_Recorded information:_
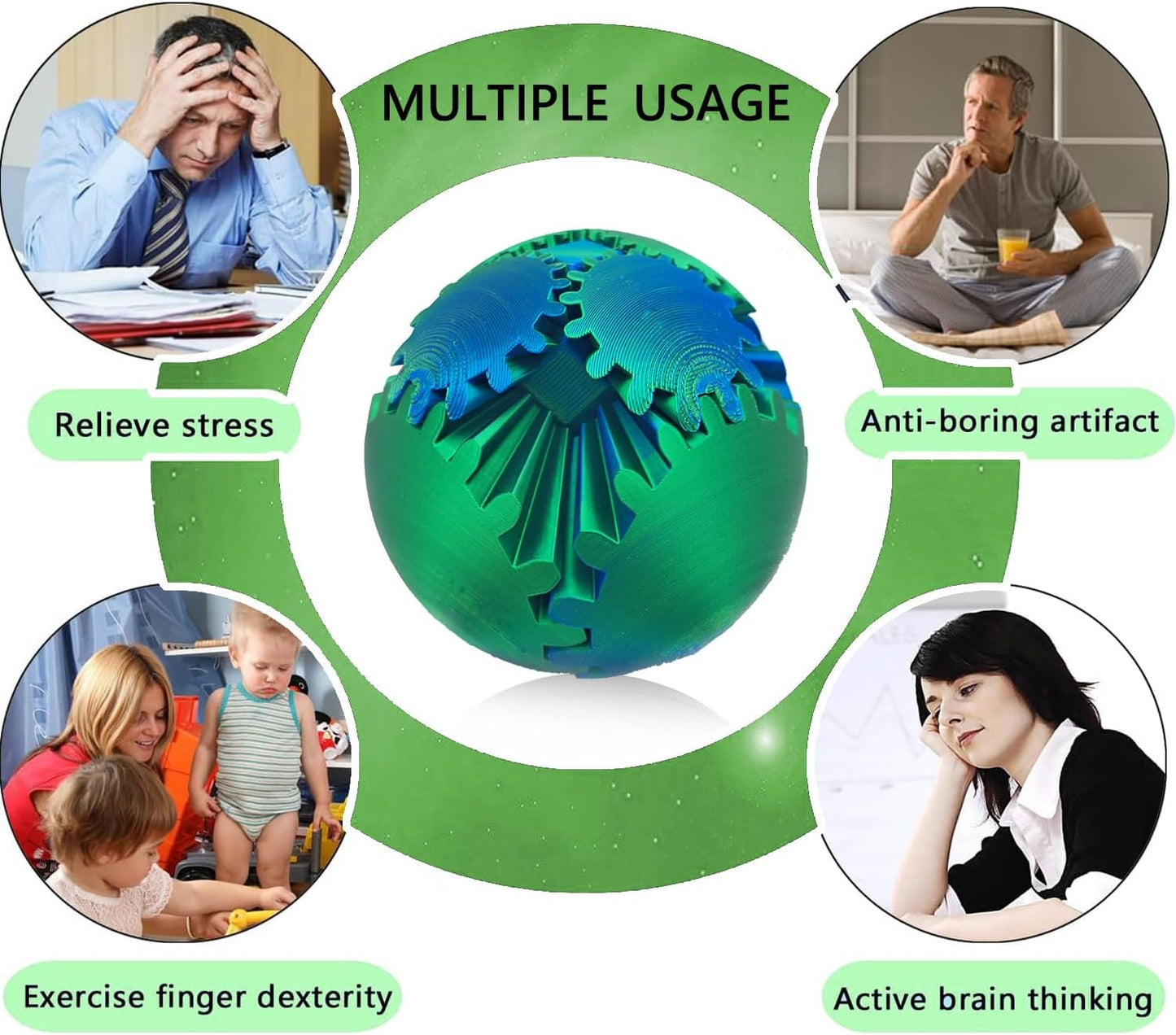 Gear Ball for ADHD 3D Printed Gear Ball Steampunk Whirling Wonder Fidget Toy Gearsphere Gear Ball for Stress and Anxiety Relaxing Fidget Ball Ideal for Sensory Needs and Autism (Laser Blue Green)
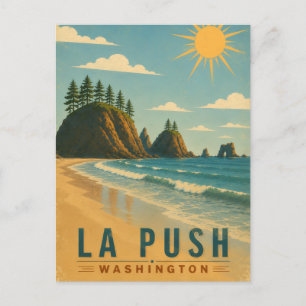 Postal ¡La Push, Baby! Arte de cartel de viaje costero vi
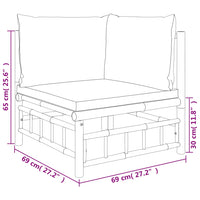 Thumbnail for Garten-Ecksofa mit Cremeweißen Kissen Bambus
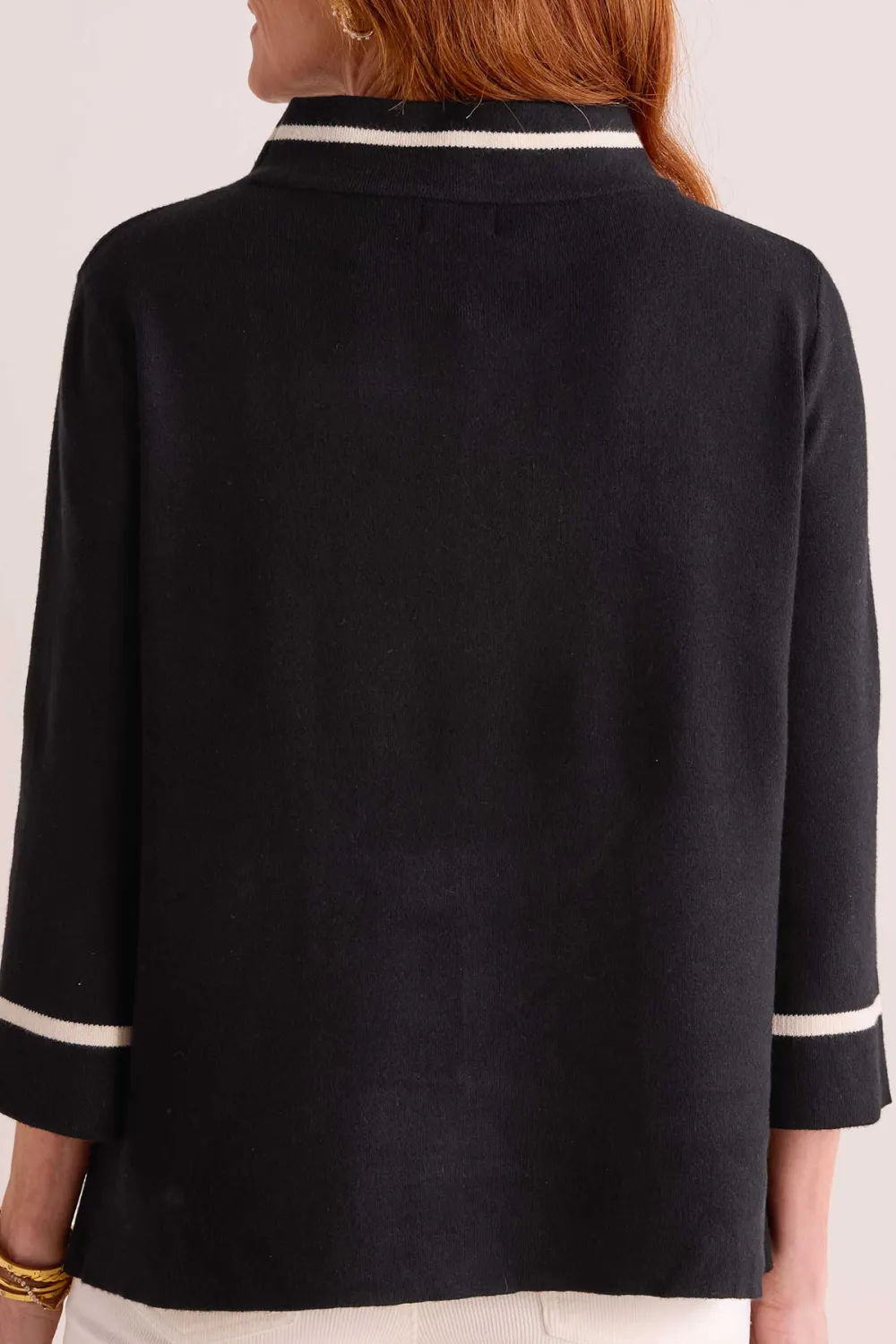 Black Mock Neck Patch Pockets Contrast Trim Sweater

_Exercise:_
Word for word, repeat the lines of data above, omitting every picture.

_Your solution:_
 Gear Ball for ADHD 3D Printed Gear Ball Steampunk Whirling Wonder Fidget Toy Gearsphere Gear Ball for Stress and Anxiety Relaxing Fidget Ball Ideal for Sensory Needs and Autism (Laser Blue Green)
 Postal ¡La Push, Baby! Arte de cartel de viaje costero vi
 Thumbnail for Garten-Ecksofa mit Cremeweißen Kissen Bambus
 Black Mock Neck Patch Pockets Contrast Trim Sweater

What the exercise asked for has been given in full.